La guerra y el genocidio en Gaza no afectan a todas las personas de la misma manera. Cuando se destruyen hospitales, carreteras, refugios, redes de cuidado y servicios básicos, quienes ya estaban en situación de mayor exclusión quedan todavía más expuestas; mujeres y niñas con diversidad funcional.
A pesar de todo esto, Naela no se ha rendido. Es una mujer agotada, pero también alguien que sigue haciendo todo lo que está en su mano para mantener con vida a su familia. "Me convertí en el sostén de mí misma y de mis cuatro hijos en medio de esta guerra cruel, marcada por desplazamientos repetidos de un lugar a otro, malnutrición, hambruna y falta de tratamiento médico. Mi hijo y yo sufrimos una presión ocular severa y necesitamos gotas de forma continua para aliviarla, para poder afrontar la vida que se nos ha impuesto… De repente, me encontré sola con mis hijos, desgastada, sin apoyo".

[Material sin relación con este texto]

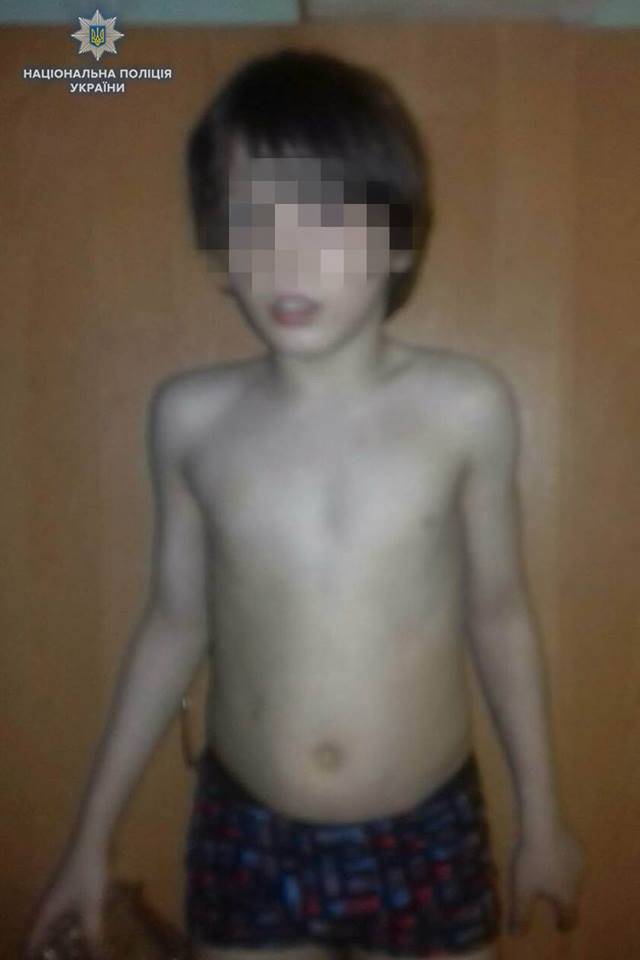 Лисичанские полицейские получили сообщение о том, что работники батальона полиции особого назначения «Скиф» на кв. Центральном в г. Лисичанск обнаружили ребенка 7-8 лет без одежды.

Pero sigue haciendo cola durante horas para llenar recipientes de agua, busca comida en cocinas comunitarias a pesar de las dificultades. "Moverme es extremadamente difícil para mí, especialmente cuando intento desplazarme entre las tiendas y por los pasillos estrechos. Hay cuerdas tendidas, a veces me hacen caer al suelo. Me cuido por mis hijos, temo fracturarme".
En Gaza, hablar de accesibilidad es la línea que marca no poder acceder a comida, no poder llegar a un punto de distribución, no poder usar un baño. no poder evacuar durante un ataque, no poder recibir tratamiento, no poder denunciar violencia… Hablar de accesibilidad, no es un asunto técnico ni de una mejora secundaria, es pura supervivencia. Un refugio con suelo de arena puede ser inhabitable para una mujer que utiliza silla de ruedas o muletas. Un baño lejano, sin adaptación y sin privacidad, puede convertirse en una fuente diaria de sufrimiento, riesgo e indignidad. Información sobre una distribución de ayuda organizada sin tener en cuenta quien sufre ceguera o sordera, puede dejar fuera precisamente a quienes más lo necesitan.
Todas somos diferentes. La ayuda humanitaria también debe diseñarse pensando en mujeres como Naela. Pero en estos momentos son muchas las organizaciones que no cuentan con programas específicos para mujeres con discapacidad o no siempre incorporan un enfoque de género. Tampoco pueden formarse, ni reforzarse, ni aumentar personal, en un contexto brutal de violencia que limita nuestra capacidad para llegar a personas en condiciones de vulnerabilidad extrema. Gaza es el sitio más peligroso del mundo para ser trabajadora humanitaria. El resultado es una zona ciega: mujeres que quedan en los márgenes de los márgenes.
Son muchas las mujeres y niñas que no tienen una silla de ruedas, un bastón, un audífono, una prótesis o un colchón médico. En el contexto actual, el acceso a estos productos de apoyo y tecnologías asistivas está muy condicionado por restricciones de entrada de determinados suministros considerados de “doble uso”, lo que implica de facto una exclusión cotidiana y un impacto directo en la dignidad de las personas con discapacidad.
La resiliencia de las mujeres en Gaza no puede convertirse en una excusa, Escucharlas exige cambiar nuestra mirada y nuestra respuesta. Hay que asegurar que las mujeres con diversidad funcional pueden recibir el apoyo que necesitan. Historias como la de Naela nos obligan a mirar de frente una realidad que demasiadas veces queda fuera del encuadre: en Gaza, la falta de accesibilidad no es un problema secundario. También mata, desplaza, aísla y desprotege.